BMW is also no stranger to small engines. The current EfficientDynamics family allows BMW to make 1.5 liter, three-cylinder turbocharged engines, which in i8 guise, can make 228 hp. While nowhere near the 600 hp of a Formula One car, it is also made using a fraction of the cost. BMW has a lot of experience in making small displacement engines, so seeking out that kind of power wouldn’t be an issue.

BMW hasn’t been in the Formula One game since 2009, and it doesn’t look like there will be a return in the near future. However, it’s fun to speculate as to how well BMW would do, given its expertise in the technologies currently used in the sport today.

9 responses to “Could BMW be successful in today’s Formula 1?”

  1. George G. Berberashvili says:

    who cares fuel efficient in F1?

  2. lunaslide says:

    BMW should definitely stay away from F1 for awhile, it’s a mess. It can’t decide what it wants to be, and while trying to limit costs, seems to chose directions that increase cost for little gain.
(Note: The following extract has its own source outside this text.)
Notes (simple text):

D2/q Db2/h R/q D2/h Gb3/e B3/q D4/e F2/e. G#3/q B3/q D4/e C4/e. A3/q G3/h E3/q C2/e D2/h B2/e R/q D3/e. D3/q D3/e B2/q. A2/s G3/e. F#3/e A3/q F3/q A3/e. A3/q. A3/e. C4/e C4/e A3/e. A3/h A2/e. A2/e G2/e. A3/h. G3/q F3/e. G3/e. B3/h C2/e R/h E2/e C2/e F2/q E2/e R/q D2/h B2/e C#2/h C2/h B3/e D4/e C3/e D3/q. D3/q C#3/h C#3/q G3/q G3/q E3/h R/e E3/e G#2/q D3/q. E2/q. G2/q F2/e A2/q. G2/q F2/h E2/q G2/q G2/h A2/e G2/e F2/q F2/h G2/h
There are too many rules and rather than letting manufacturers innovate, it bans anything new that comes along that gives an advantage.
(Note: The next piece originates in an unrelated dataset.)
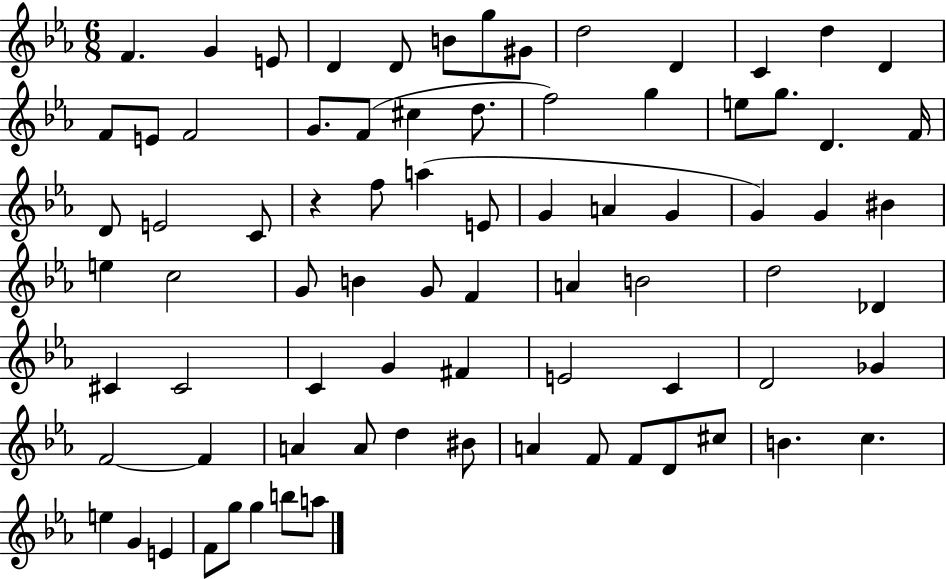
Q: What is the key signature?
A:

    What I would love to see is BMW get into Le Mans with an LMP1 car. Audi is really killing it with their technology advances on the E-Tron LMP1 cars and with all the work BMW has been doing in electric and carbon fiber, they could be competitive quickly and start steeling Audi and Porsche’s thunder. In the US, Daytona prototypes are going away soon (not soon enough), and the remaining prototype cars are a lot more like LMP. This would be a good space to compete in as well.
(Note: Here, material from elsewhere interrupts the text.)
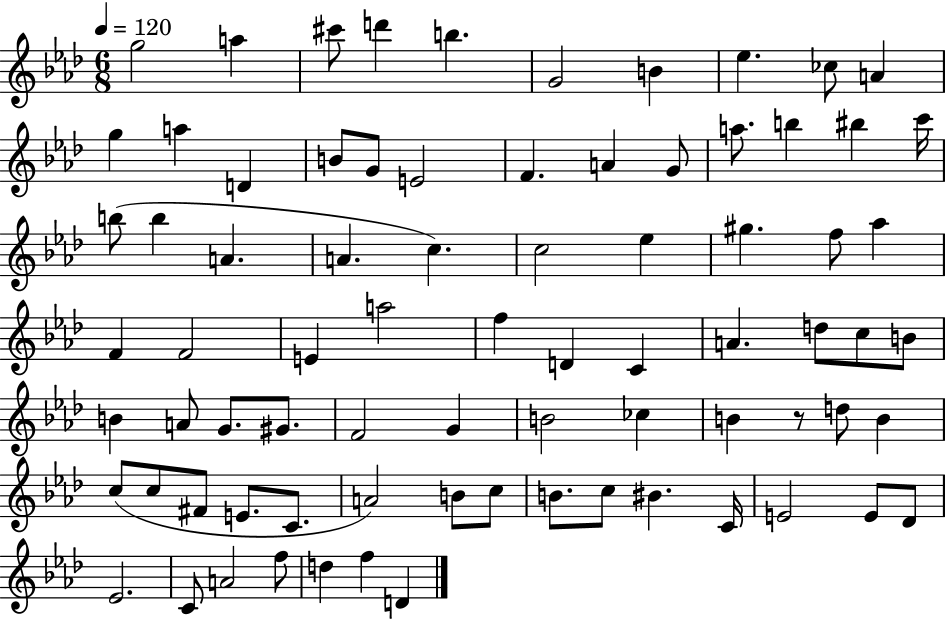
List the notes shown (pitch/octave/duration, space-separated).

G5/h A5/q C#6/e D6/q B5/q. G4/h B4/q Eb5/q. CES5/e A4/q G5/q A5/q D4/q B4/e G4/e E4/h F4/q. A4/q G4/e A5/e. B5/q BIS5/q C6/s B5/e B5/q A4/q. A4/q. C5/q. C5/h Eb5/q G#5/q. F5/e Ab5/q F4/q F4/h E4/q A5/h F5/q D4/q C4/q A4/q. D5/e C5/e B4/e B4/q A4/e G4/e. G#4/e. F4/h G4/q B4/h CES5/q B4/q R/e D5/e B4/q C5/e C5/e F#4/e E4/e. C4/e. A4/h B4/e C5/e B4/e. C5/e BIS4/q. C4/s E4/h E4/e Db4/e Eb4/h. C4/e A4/h F5/e D5/q F5/q D4/q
    I can’t wait for the M6 GT3 to debut in TUSC and the WEC, and hopefully they’ll show up quickly in Blancpain and Pirelli World Sports Cars too. The Z4M GT3 has done amazingly well for what it is, but it’s always been a bit of a Frankenstein’s monster and has always suffered in straight line speed due to aerodynamics and the V8 that isn’t even properly homologated. I think the M6 race car is going to lay down a whuppin when it comes out.

  3. lunaslide says:

    Furthermore, BMW seems to have zero interest in developing a V6, and I hope that never changes. If they were really serious about a revolution in F1, they would throw out most of the rule book and simply limit manufacturers to the amount of fuel they may use during a race, minimum car weight, ballast to make up the difference between car weight and driver weight (so they stop starving themselves like supermodels) and not do much else in the way of restrictions. Let each manufacturer decide how it wants to approach that design problem with how many cylinders, displacement, forced induction, etc.

  4. Matt Stokes says:

    Maybe, maybe not. Teams/Companies with far more experience are struggling to compete, I’m not sure there’s any reason why BMW would expect to do any better than they did in ’08, or when they were at the top of their game with Williams in ’02 & ’03.

    Either way, I hope they don’t bother! F1 as a sport is not sustainable, the price it commands isn’t worth the value it offers, especially at the moment. And with teams going under, GP’s being cancelled, more headlines being about legal issues than racing… I honestly think it would be a colossal waste of resources for BMW.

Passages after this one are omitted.